Identify the concept term that is being shown in each example. Write the term on the line next to its example. Write all the terms that apply. You may write multiple words per example.
These examples are excerpts from Address at Rice University on the Nation's Space Effort by John F. Kennedy.
ethos, pathos, logos, theme, rule of three
1. __________ "I appreciate your president having made me an honorary visiting professor, and I will assure you that my first lecture will be very brief."
2. __________ "We meet at a college noted for knowledge, in a city noted for progress, in a State noted for strength, and we stand in need of all three, for we meet in an hour of change and challenge, in a decade of hope and fear, in an age of both knowledge and ignorance."
3. __________ "The greater our knowledge increases, the greater our ignorance unfolds."
4. __________ "Despite the striking fact that most of the scientists that the world has ever known are alive and working today, despite the fact that this Nation's own scientific manpower is doubling every 12 years in a rate of growth more than three times that of our population as a whole, despite that, the vast stretches of the unknown and the unanswered and the unfinished still far outstrip our collective comprehension."
5. __________ "We choose to go to the moon. We choose to go to the moon in this decade and do the other things, not because they are easy, but because they are hard, because that goal will serve to organize and measure the best of our energies and skills, because that challenge is one that we are willing to accept, one we are unwilling to postpone, and one which we intend to win, and the others, too."
6. __________ "Well, space is there, and we're going to climb it, and the moon and the planets are there, and new hopes for knowledge and peace are there. And, therefore, as we set sail we ask God's blessing on the most hazardous and dangerous and greatest adventure on which man has ever embarked."
Follow the directions to annotate the speech below.
1. Underline the main idea of the speech.
2. Label the rhetorical appeals where they are used in the speech E for ethos, P for Pathos, and L for Logos
3. Circle any theme(s).
4. Draw a star next to any examples of the rule of three.
5. Box any call(s) to action.
|Historical Context: The speech above was delivered by Sojourner Truth, a former slave and famous abolitionist, at the Women's Convention in Akron Ohio in 1851. The abolitionist movement (the effort to stop or abolish slavery in America) and the women's rights movement were both happening at that time and were often connected.|
"Ain't I a Woman?"
by Sojourner Truth
Well, children, where there is so much racket there must be something
out of kilter. I think that ‘twixt the Negroes of the South and the women
at the North, all talking about rights, the white men will be in a fix pretty
soon. But what’s all this here talking about?

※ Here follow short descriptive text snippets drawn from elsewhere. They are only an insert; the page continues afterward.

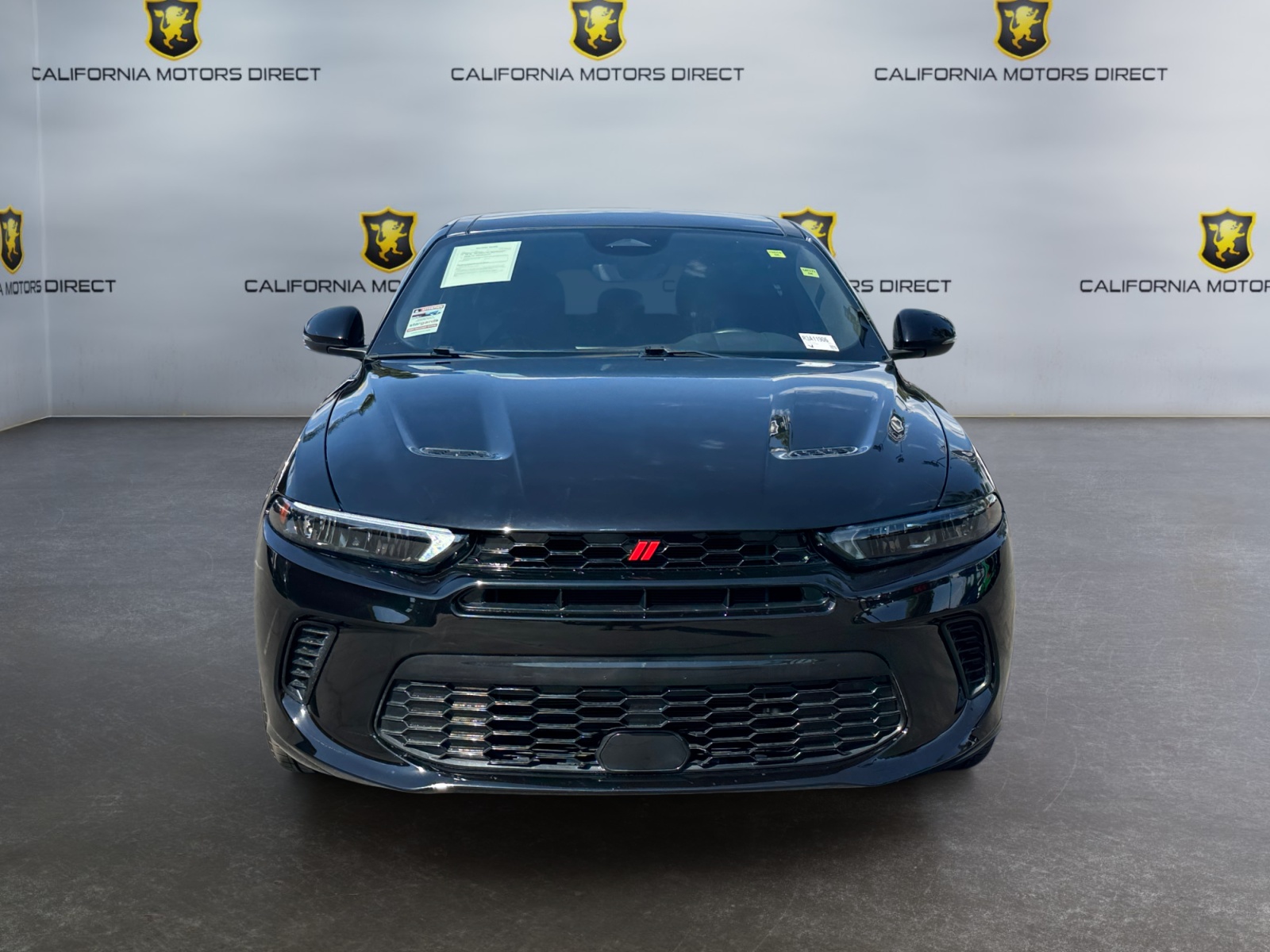 Dodge Hornet photo 8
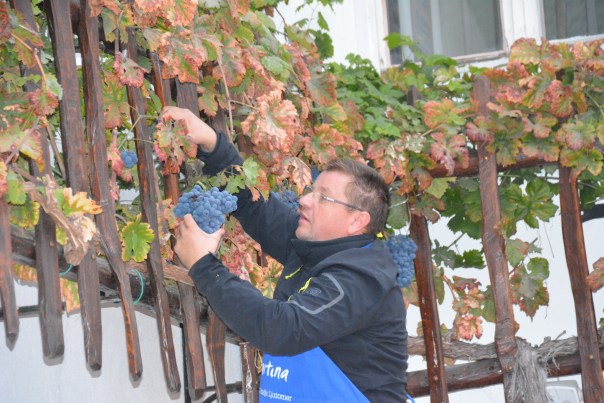 prleska-brotva-v-ljutomeru-1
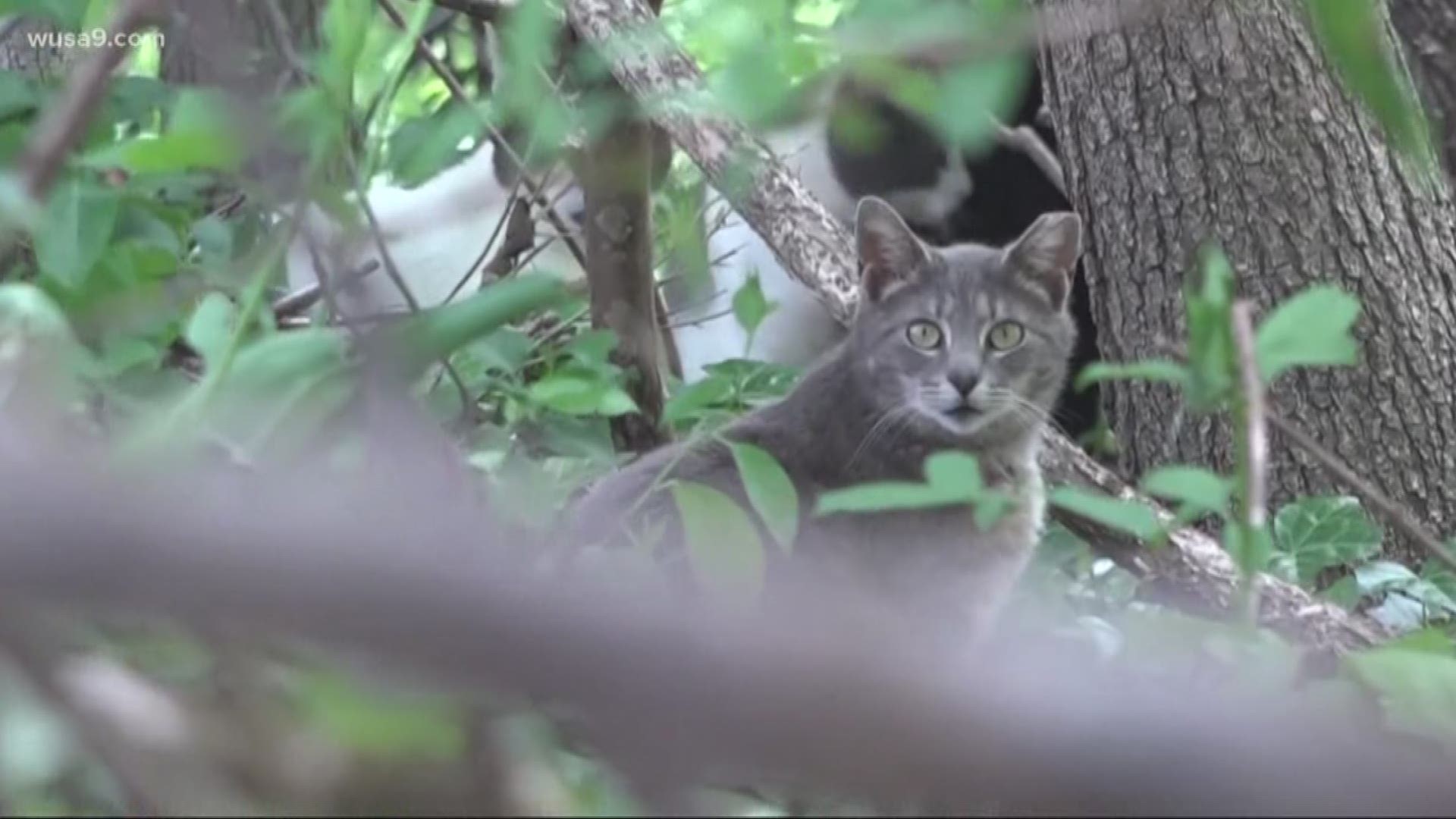 Thursday, officials ordered a clean up on the feral cat colony after a WUSA9 investigation into the 20 wild cats living behind a strip mall.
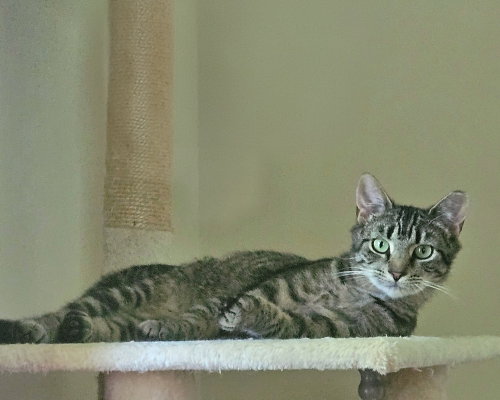 Photo 4 of Pippa *BONDED PAIR with Momma Poppy*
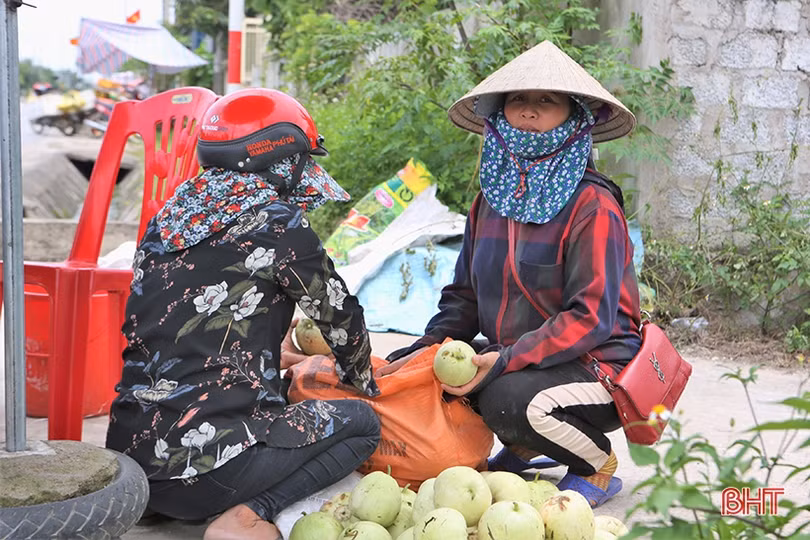 Nông dân Hà Tĩnh được mùa dưa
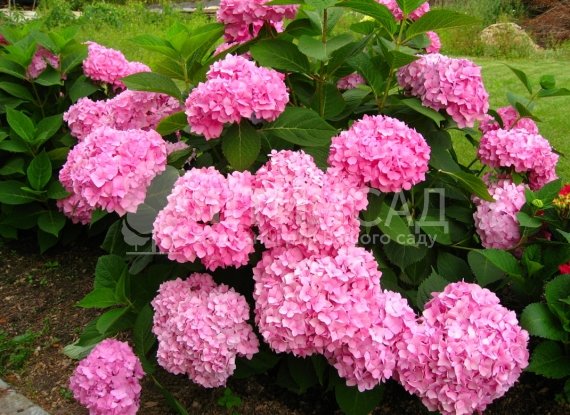 Гортензія "Endless Summer" Нескінченне літо (3л)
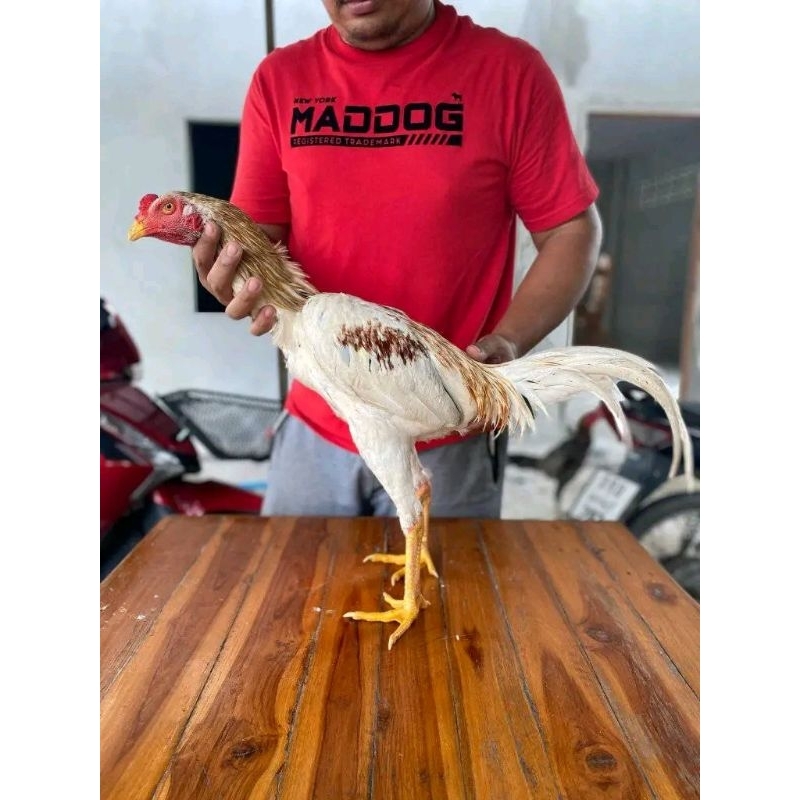(TELUR FERTIL) ayam Plucker atau Plakerr mewah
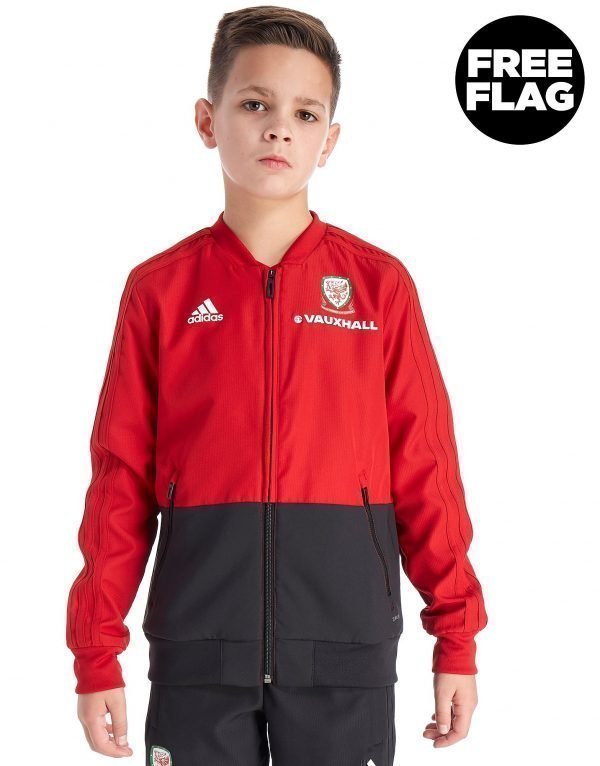 Adidas Fa Wales 2018/19 Presentation Jacket Punainen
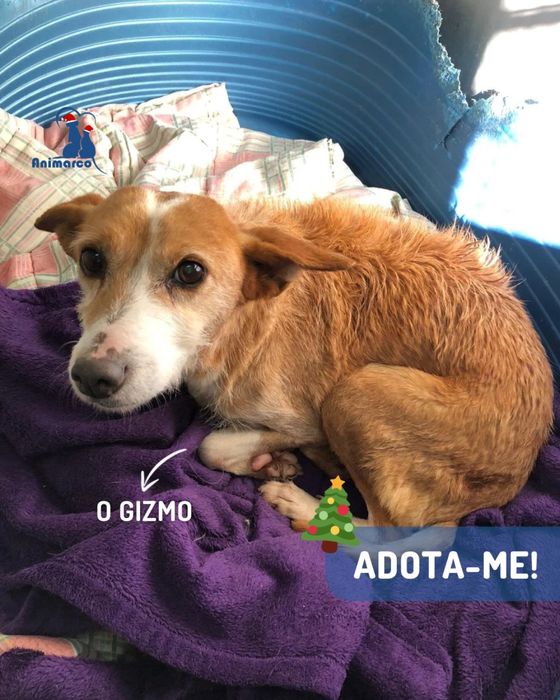 O Gizmo - cao de porte medio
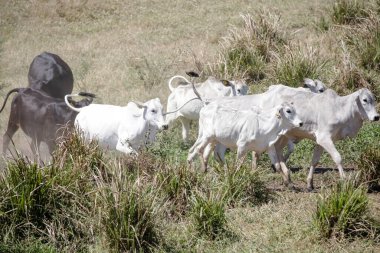 Özgürce otlayan buzağılar, kırsal yaşamın sembolleri ve doğayla bağlantı. Kırsal kesimin sakinliği ve hayvanların saflığı sürdürülebilir çiftlik hayvanlarının özünü ve çiftçilik ile çevre arasındaki uyumu ortaya koyuyor..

That man over there says that women need to be helped into carriages,
and lifted over ditches, and to have the best place everywhere. Nobody
ever helps me into carriages, or over mud-puddles, or gives me any best
place! And ain’t I a woman? Look at me! Look at my arm! I have
ploughed and planted, and gathered into barns, and no man could head
me! And ain’t I a woman? I could work as much and eat as much as a
man – when I could get it – and bear the lash as well! And ain’t I a
woman? I have borne thirteen children, and seen most all sold off to
slavery, and when I cried out with my mother’s grief, none but Jesus
heard me! And ain’t I a woman?
Then they talk about this thing in the head; what’s this they call it?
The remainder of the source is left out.